Pure joy; absolute freedom; a limitless horizon unsullied by the constraints of time, reality, failed knots, and blown casts—setting out on a road trip, especially a fishing road trip, serves up one of life’s most intoxicating emotional cocktails. Why confine that experience to the summer months?
Okay, sure, some seasonal considerations warrant scrutiny: Deep February excursions in the far north can be miserable, not to mention potentially hazardous, and many fisheries have seasonal closures. Winter options are more limited, though fishy jaunts remain possible. You could rally to Nevada and fish Pyramid Lake.
Campgrounds that, two months ago, swelled with overstuffed motorhomes, sprawling packs of feral children, and insta-fluencers looking to capitalize on the perfect backdrops of nature, are now relatively quiet. You don’t have to fall asleep to the harmonizing hum of generators, or worry about skipping out before dawn to avoid the wrath of the golf-cart bound campground host who’s pissed at you for crashing in the day-use area when all the designated spots were full. Not that we’ve ever done that.
Roads are also far less crowded this time of year, and gas prices at least nominally lower. Best of all—the drop in angling pressure. You can use deciduous trees as a crowd barometer for most rivers, streams, and lakes. As the leaves thin, so do the people harassing the fish. We have no problem with legal and ethical fish harassment, by the way, we just prefer to be the only ones doing so at any given time. When the maple branches cling to a few fingered stragglers at the put-in, you can expect an equally bare parking lot.

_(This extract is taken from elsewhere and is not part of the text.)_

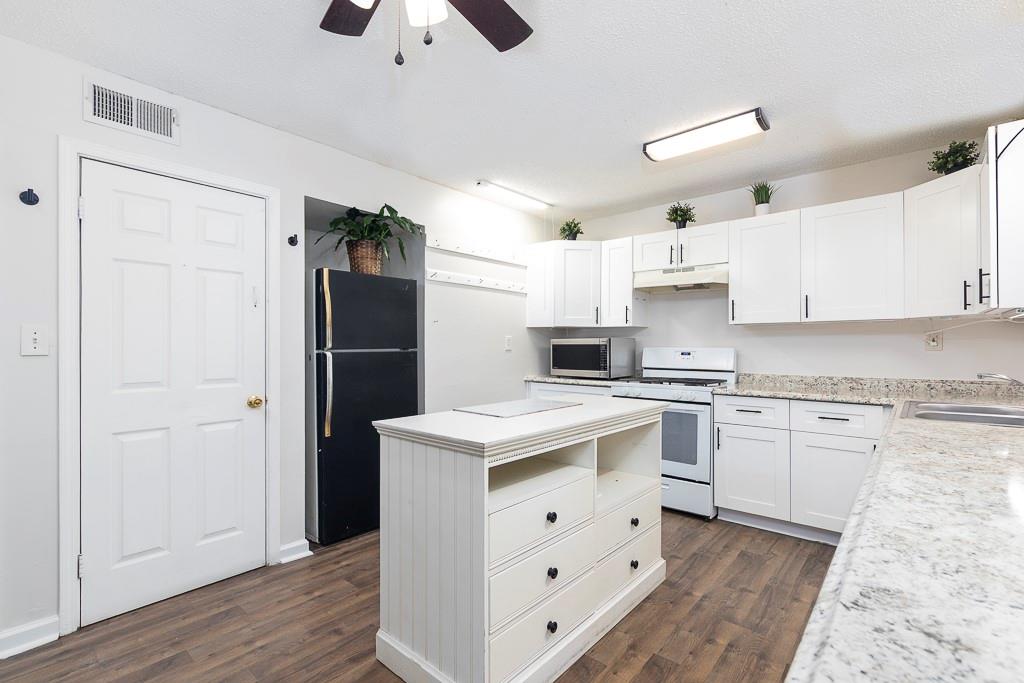 3125 Keenan Road Atlanta, GA 30349 - Photo 9 of 33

So, here’s our suggestion: Let’s liberate road trips. The glampers and van lifers of the world can have the summer road trip. We’re more than happy to claim fall as our season of nomadic seeking. We’re not after the perfect summer photo, the best county fair, or forced quality time with the family—at least not right now. We just want the unencumbered freedom of a well-packed truck headed out for a fishing trip. Okay, the dog can come too.